Venerable AT&T (NYSE:T) rolled out a new streaming service nationwide on March 2. Called AT&T TV, the new service combines live television, such as sports, with video streaming through the internet.
As one of the oldest and most recognizable brands in the telecommunications industry, many view AT&T as a dinosaur trying to hold off extinction. Is AT&T TV a new coat of paint on an old home? Or is it an opportunity for the slow-moving telco giant to gain an advantage in the streaming wars? Let's dive into the implications of AT&T TV for investors.
What is AT&T TV?
The popularity of cord cutting has led to a bevy of streaming services from the likes of Apple, CBS, and Disney. AT&T alone owns several but plans to focus on the upcoming HBO Max, debuting in May, and the newly launched AT&T TV, which includes features that help it stand out.
One of the key differences between AT&T TV and other popular streaming services like Netflix is that you can watch live television, such as sports. It comes with DVR capabilities to save recordings to the cloud. Lastly, AT&T partnered with Alphabet's Google to power the hardware: a voice-activated TV remote using Google Assistant, allowing users to speak into it for easier navigation of channels than traditional remotes, and a set-top box featuring the Google Play Store, where you can download apps (including Netflix) to complement the live television experience with app-based streaming content.
The ability to watch content from apps like Netflix and YouTube sounds like a bid to centralize the fragmented streaming market, but consumers still have to sign up and pay for these services separately. That's no different than the connected TV experiences I helped to build at the pre-Verizon Yahoo! over eight years ago. Still, that's a minor annoyance compared to the byzantine pricing strategy AT&T implemented for its new service.
Cable TV in streaming form?
The pricing is another key difference between AT&T TV and other streaming services, but not in a good way.

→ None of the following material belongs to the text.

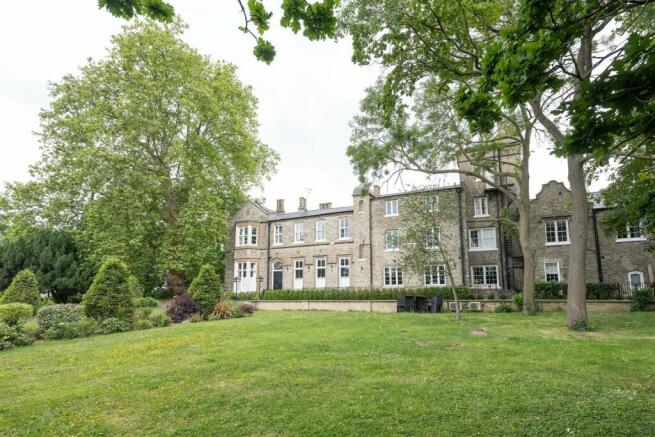 Friday Hill House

Consumers receive a discount on the initial year of service, but even the discounted price smacks of cable TV rates at $49.99 per month.
After the first year, prices increase to the prevailing rates at that time. Since customers have to sign up for a two-year commitment, they will have to pay the higher rate. If they cancel early, they are assessed early termination fees. There's also an activation fee, taxes, and other potential hidden costs such as an internet device fee.
The company also tries to get consumers to buy additional services by bundling AT&T TV with internet access. This strategy is about increasing broadband revenue, according to John Stankey, AT&T's President and Chief Operating Officer.
But the packages don't stop there. Four tiers of AT&T TV service come with varying degrees of content. Even with a package, some channels require additional fees to watch. It's complex, and feels like the cable TV experience consumers fled in favor of the simple pricing of streaming services.
AT&T TV's implications for investors
The outcome of AT&T TV could prove a warning sign for investors. AT&T has struggled to retain subscribers for its DIRECTV business. In its fourth quarter earnings report, John Stankey predicted the company will "start to see those subscriber trends incrementally improve" as AT&T TV hits its stride in the second quarter of 2020.
If AT&T TV can turn that subscriber decline around, it's an encouraging sign for investors. If customers see AT&T TV as more of the same tired cable television model, then the hemorrhaging of subscribers could continue.
The partnership with Google gives AT&T TV its most interesting technology, but technology stocks are not fueled by licensing as AT&T has done here. Instead of trying to innovate with its own assets, AT&T decided to deliver a product that has little competitive advantage over other streaming services. Its next streaming attempt, HBO Max, is a key milestone for investors to track.
Given the growing competitive nature of streaming services, AT&T TV's pricing strategy is perplexing from a consumer standpoint. For investors, given the discounts in the first year, AT&T TV can experience some traction, and if AT&T pulls this off, the company may well see the desired growth in its broadband revenue.
Even if that happens, the real story unfolds after the promotional pricing evaporates and contracts expire. For now, a wait and see attitude best serves investors while the impact of AT&T TV materializes in the second and third quarters.